I suggest that if you think there is valuable insights in Roweis' article you might use the information there to improve the existing wikipedia article. The questions below are not fundamentally important, but the article can be improved. Certainly no case for wholesale replacement.Billlion 09:49, 5 September 2006 (UTC)

[edit] correction

Should

(JTJ + λ)q = -JTf

be

(JTJ + λ I)q = -JTf. ?

The preceding unsigned comment was added by 129.13.70.88 (talk • contribs) on 08:18, 29 August 2005.

Both formulas have the same meaning, namely JTJq + λq = −JTf. As far as I am concerned, it is a matter of taste which you prefer, but the second is perhaps clearer. -- Jitse Niesen (talk) 20:46, 30 August 2005 (UTC)

[edit] Transpose

Where f and p are introduced:

fT=(f1, ..., fm), and pT=(p1, ..., pn).

they are presented with superscript T, which I think indicates that they are transposed. But f extends over 1..m, and p extends over 1..n, so I don't understand why both are transposed. Can someone please explain what I am missing here? Thanks. --CarlManaster 22:49, 15 December 2005 (UTC)

I think the reasoning is that (f1, ..., fm) is a row vector. However, we want f to be a column vector. So the transpose is used to convert from rows to columns. It is perhaps clearer to write
f=(f1, ..., fm)T, and p=(p1, ..., pn)T.
To be honest, many mathematical texts do not bother to distinguish between row and column vectors, hoping that the reader can deduce from the context which one is meant.
Perhaps you know this, and your question is: why do we want to use a column vector? Well, f has to be a column vector because fTf further down the article should be a inner product, and p has to be a column vector because it's added to q, which is a column vector because otherwise the product Jq does not make sense. -- Jitse Niesen (talk) 23:19, 15 December 2005 (UTC)

[edit] Improvement by Marqardt

What's about the improvement Marquardt made to the algorithm?
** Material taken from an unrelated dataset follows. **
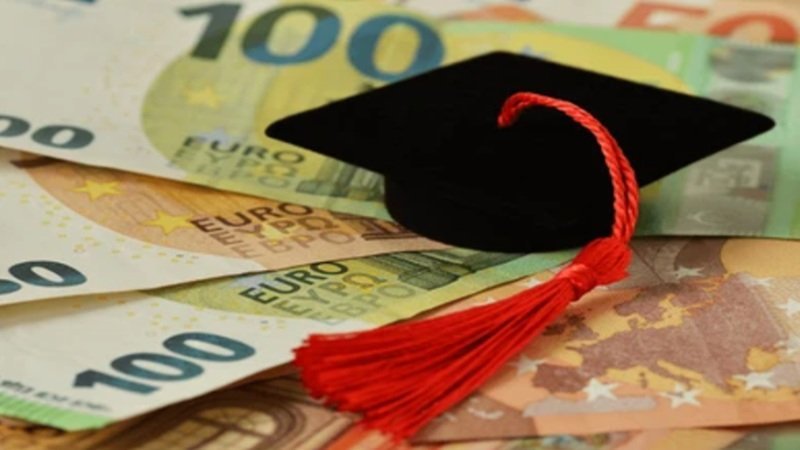 Aproape 40.000 de studenți români vor beneficia în curând de burse provenite din fonduri europene, o veste semnificativă pentru sistemul de educație superioră din România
He replaced I by diag[H], i.e. the diagonal of the (approximated) Hessian, to incorporate some local curvature estimation. This makes the algorithm go further in directions of smaller gradient to get out of narrow valleys on the error surface.

last entry by G.k. 13:46, 27 April 2006 (UTC)

I believe this is correct. It also has the important practical benefit of making λ dimensionless, so λ=1 is (I think) a sensible general starting point.